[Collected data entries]

Content starts

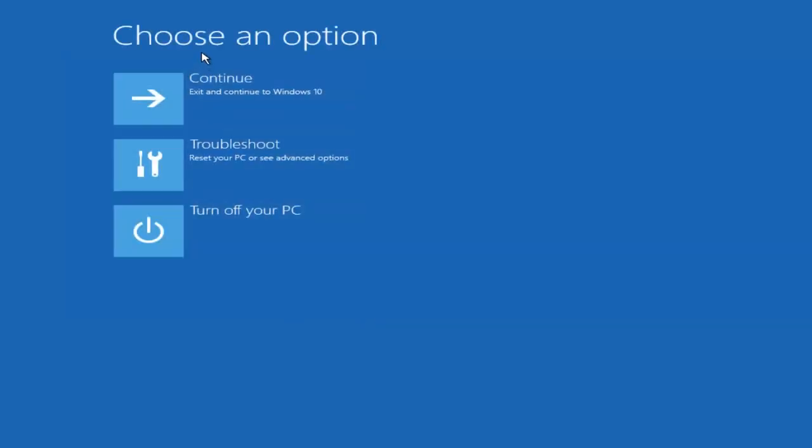Underneath choose an option, I'm going to select continue, exit and continue to Windows 10. And again, I hope, I do sincerely hope it works, and I hope to catch you in the next tutorial. So thanks for watching, and have a great rest of your day.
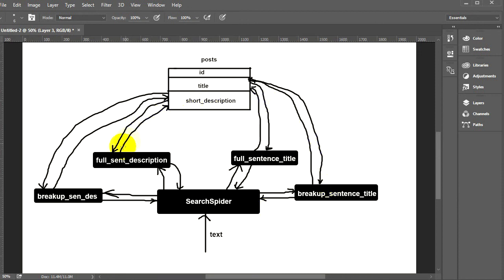That's the basic functionality of this search spider. In the next video we will start building it — we'll create the database and then build each of these functions which are the spider's legs. See you in the next video.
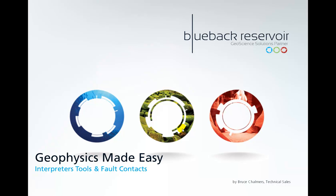Hello and welcome to another episode of Geophysics Made Easy with Blueback Reservoir. Today we're going to look at a couple of the interpreters tools and the new fault contacts feature.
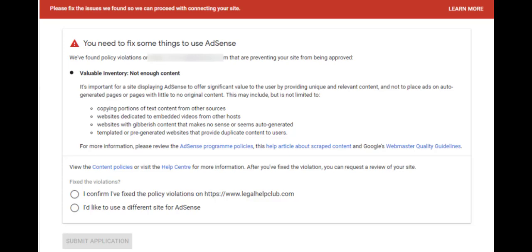After doing this, click on Review. So that is how to resolve or fix Valuable Inventory, Not Enough Content or Valuable Inventory, Insufficient Content.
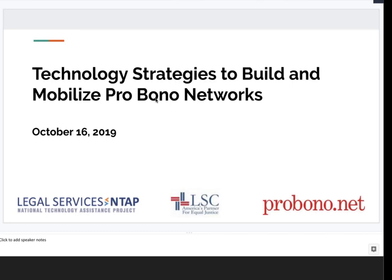Good afternoon and good morning to everyone on the line. Welcome to today's webinar on technology strategies to build and mobilize pro bono networks. This webinar is presented by Pro Bono Net in partnership with LSNTAP and the Northwest Justice Project, with funding provided by an LSC TIG grant.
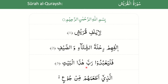فَلْيَعْبُدُوا رَبَّ هَذَا الْبَيْتِ — the correct pronunciation is هَذَا الْبَيْتِ, not هَذَا الْبَيْتِ with incorrect emphasis. Care must be taken to ensure that incorrect qalqalah is not carried out on lam sakinah.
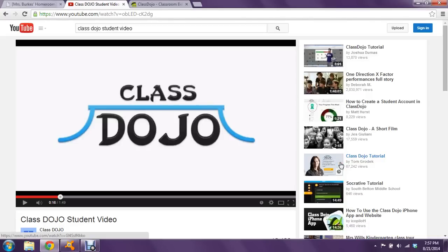Hi, this is Ms. Burks and I wanted to make a quick video to tell parents about ClassDojo and how you and your child can log into ClassDojo at home to check on their classroom behavior. I'm going to start with a quick introductory video and then show you how to create accounts and log in.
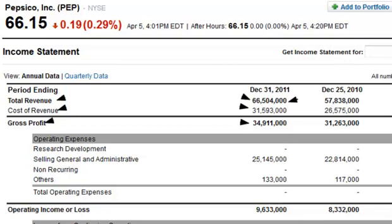One more item regarding the durable competitive advantage: it's got to be durable. That means not just a single year did it have a high gross profit margin. Go back and check it from 5 to 10 years and see if it consistently has that high gross profit margin. If that's the case, then it's probably a durable competitive advantage, and that's important.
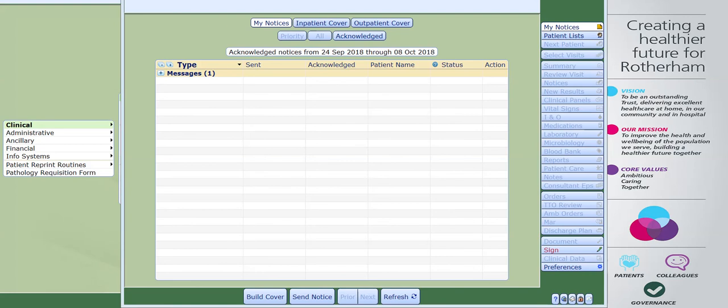For the purpose of this video we are focusing on inpatient cover within physician care manager. This is accessed via the my notices screen. Once you're in your my notices screen, you will get taken to this screen as soon as you log on to Meditech. Alternatively, if you are already in the system, clicking onto my notices on the right hand side will take you to the screen which is now visible on the video.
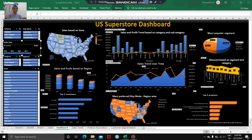Hi everyone, this is Sri Niveta, Fellow at Alpha AI. I am a working professional too. This is my very first project with Alpha AI. It was based on creation of a Dashboard using Excel on US Superstore.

Content ends

▶ What is being asked:
Copy out the lines above from the line containing "After doing this, click" through the line containing "Good afternoon and", exactly, and keep the pictures out.

▶ Task answer:
After doing this, click on Review. So that is how to resolve or fix Valuable Inventory, Not Enough Content or Valuable Inventory, Insufficient Content.
Good afternoon and good morning to everyone on the line. Welcome to today's webinar on technology strategies to build and mobilize pro bono networks. This webinar is presented by Pro Bono Net in partnership with LSNTAP and the Northwest Justice Project, with funding provided by an LSC TIG grant.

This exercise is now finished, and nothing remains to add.